Thailand's Crown Prince Maha Vajiralongkorn acceded to the Thailand throne on Thursday to become the 10th King of the Chakri dynasty after he formally accepted the invitation of the National Legislative Assembly to take the throne vacated by the death of his father King Bhumibol Adulyadej. The new King's formal name will be His Majesty King Maha Vajiralongkorn Bodindradebayavarangkun, the palace said.
The royal succession process that began in mid October concluded on Thursday afternoon when the regent, Gen Prem Tinsulanonda, and the heads of the country's three branches of government met the Crown Prince to formally invite him to assume the throne. Apart from the regent, the delegation consisted of Prime Minister Prayut Chan-o-cha, Pornpetch and Veerapol Tungsuwan, president of the Supreme Court.
"I accept [the invitation to be king] and to fulfil the royal intentions [of the late King] for the benefit and happiness of all Thais," the new monarch, 64, said.
The new king's coronation will take place at a later date the place said. The coronation ceremony will only be held after the cremation of Adulyadej, which will take place only in late 2017.
"May all the Thai people unite to pray that the powers of King Bhumibol and past kings protect the new king so that he may long reign as an idol and guardian of the Thai people," Prime Minister Prayuth Chan-ocha said.
The new king faces the task of gaining acceptance among the Thai public who venerated his father. Vajiralongkorn, who married thrice and has seven children, was never as popular as Adulyadej and had spent most of his time in Germany. In the years running up to the King's death in October there were speculations if the crown prince would actually succeed to the throne.
Thailand's fierce lese majeste laws protect the immediate royal family from public criticism but the grapevine had always linked Vajiralongkorn to the state of political affairs in the country and the exile of former prime minister Thaksin Shinawatra.

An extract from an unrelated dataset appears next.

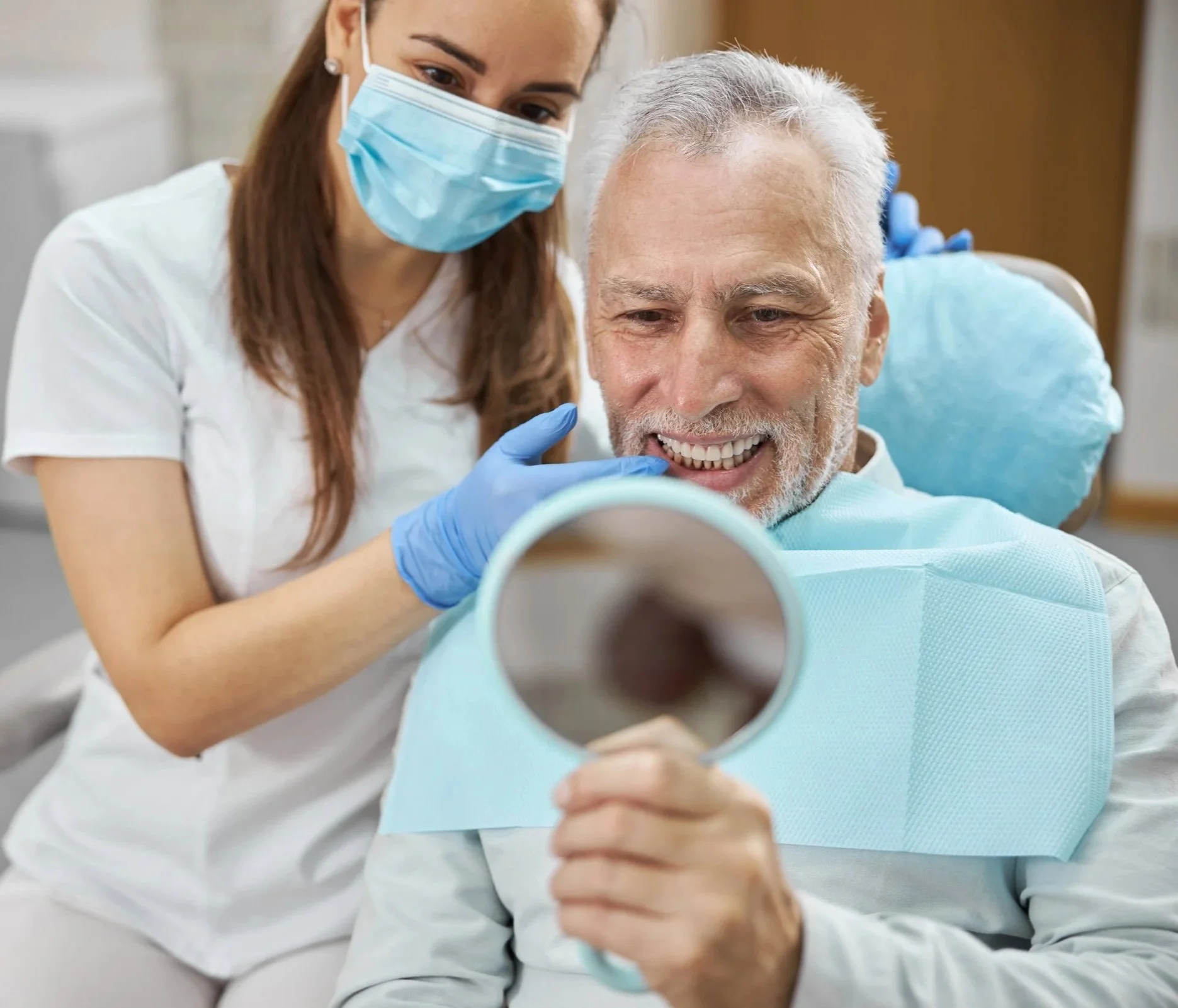 A female healthcare worker wearing a face mask and gloves is assisting an elderly man in a dental or medical setting, who is smiling and holding a mirror as he examines his teeth.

The anointment of the new monarch will nonetheless bring an element of political stability in Thailand, which has been in flux for a decade after the ouster of Shinawatra's popular government. The country is currently ruled by a military junta that toppled the democratic government led by Thaksin's sister Yingluck Shinawatra.
Prayuth's government, which spent millions of dollars in a massive public relations exercise in recent years to burnish the monarchy, had clearly stated Vajiralongkorn would succeed Adulyadej.